▸ **GOAL OF THE EXERCISE**
With pictures left out, output exactly the lines of the listing below from the line that has "Cozy living room" to the line that has "dentist with old man for Oral Surgery", both lines kept.

▸ **SUPPLIED RECORDS**

● ● ● ● ●

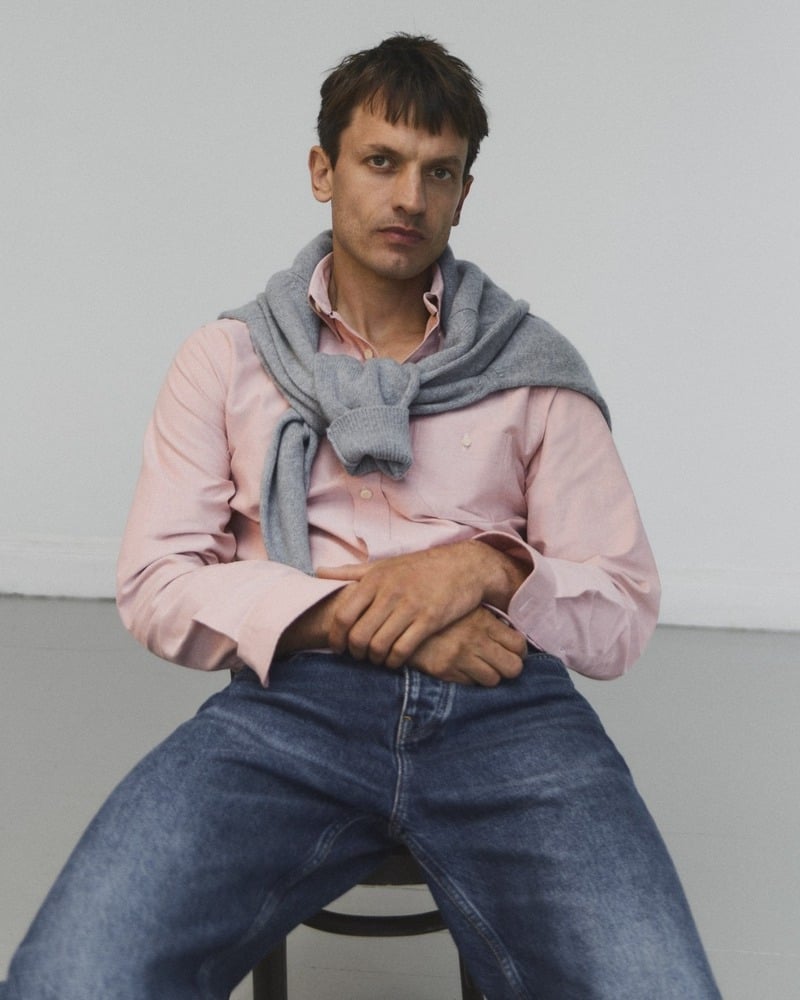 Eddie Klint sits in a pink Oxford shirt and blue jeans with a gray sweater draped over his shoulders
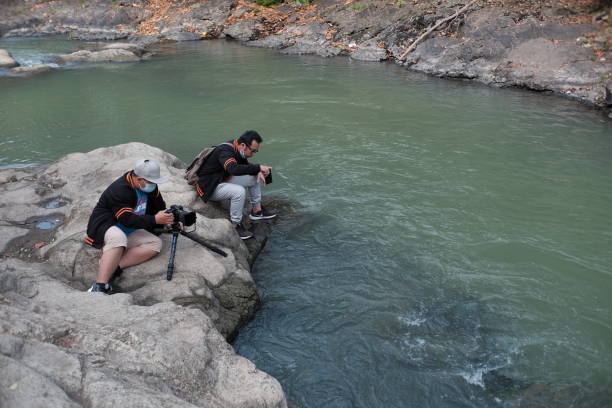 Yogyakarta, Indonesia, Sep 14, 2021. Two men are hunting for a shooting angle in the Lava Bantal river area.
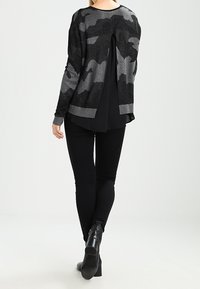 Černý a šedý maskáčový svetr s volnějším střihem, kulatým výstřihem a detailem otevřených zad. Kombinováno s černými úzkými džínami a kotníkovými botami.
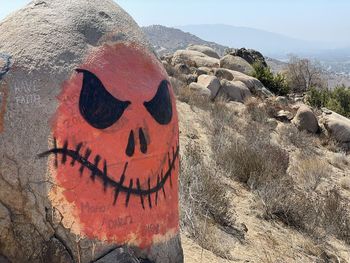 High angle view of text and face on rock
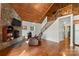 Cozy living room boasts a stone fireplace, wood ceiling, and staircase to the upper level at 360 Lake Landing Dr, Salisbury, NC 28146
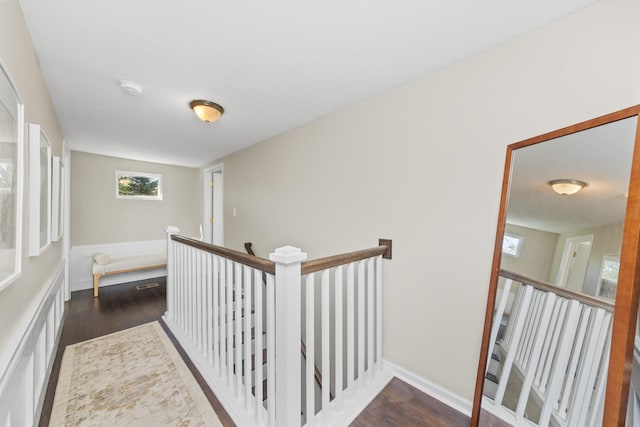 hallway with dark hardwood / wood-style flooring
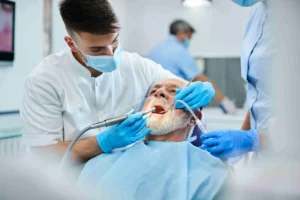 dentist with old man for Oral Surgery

● ● ● ● ●

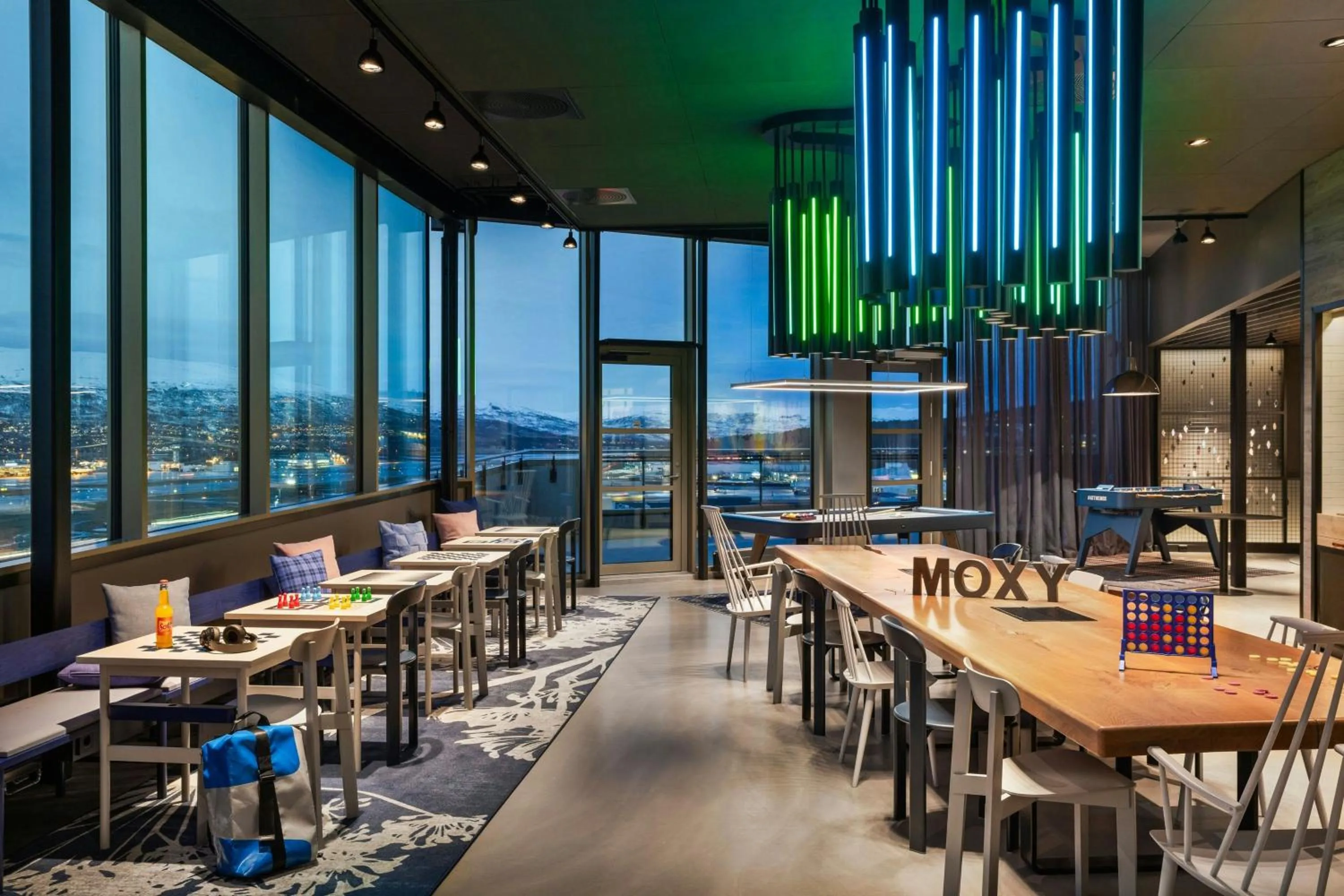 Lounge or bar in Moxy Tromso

● ● ● ● ●

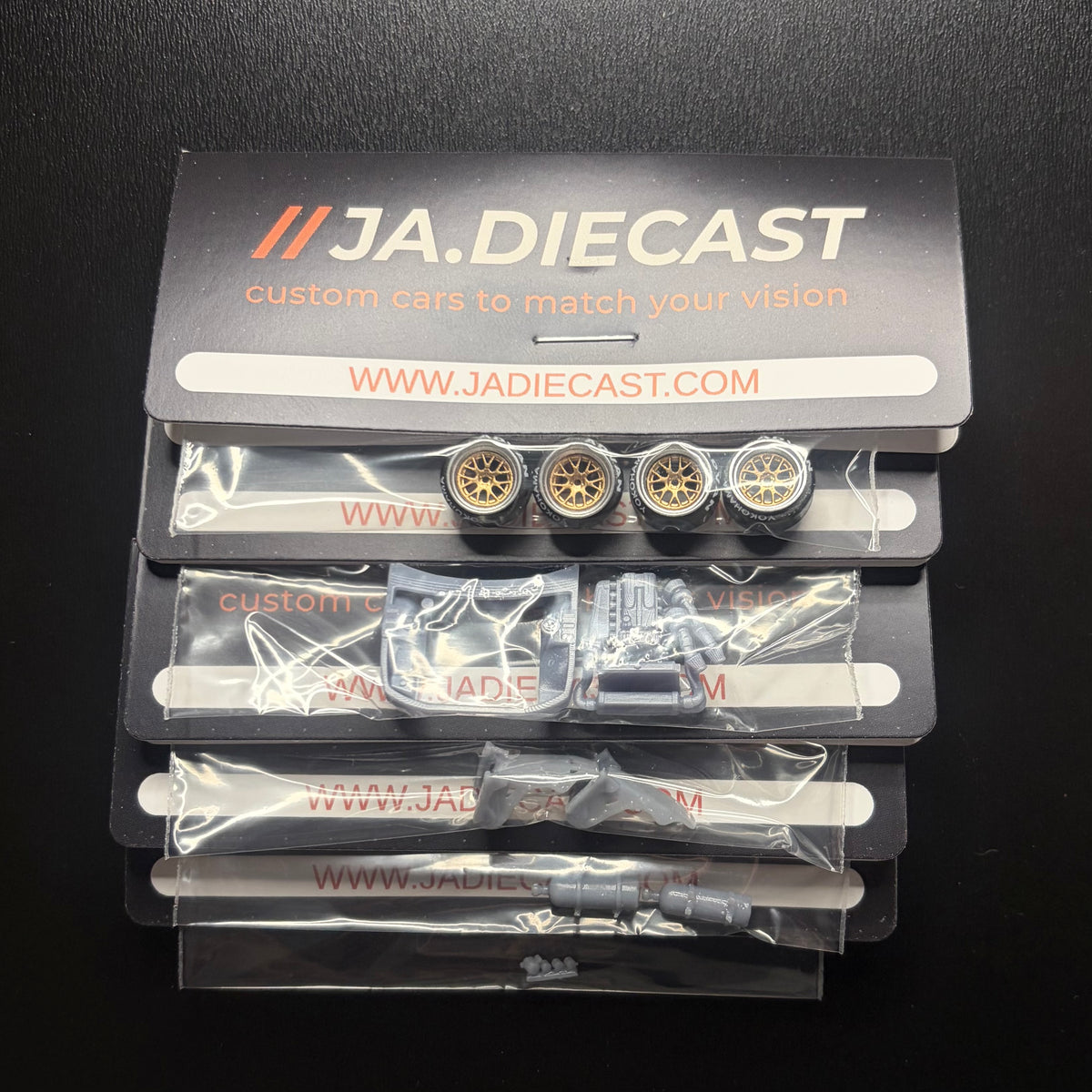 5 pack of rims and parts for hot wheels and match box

● ● ● ● ●

▸ **EXERCISE ANSWER**
 Cozy living room boasts a stone fireplace, wood ceiling, and staircase to the upper level at 360 Lake Landing Dr, Salisbury, NC 28146
 hallway with dark hardwood / wood-style flooring
 dentist with old man for Oral Surgery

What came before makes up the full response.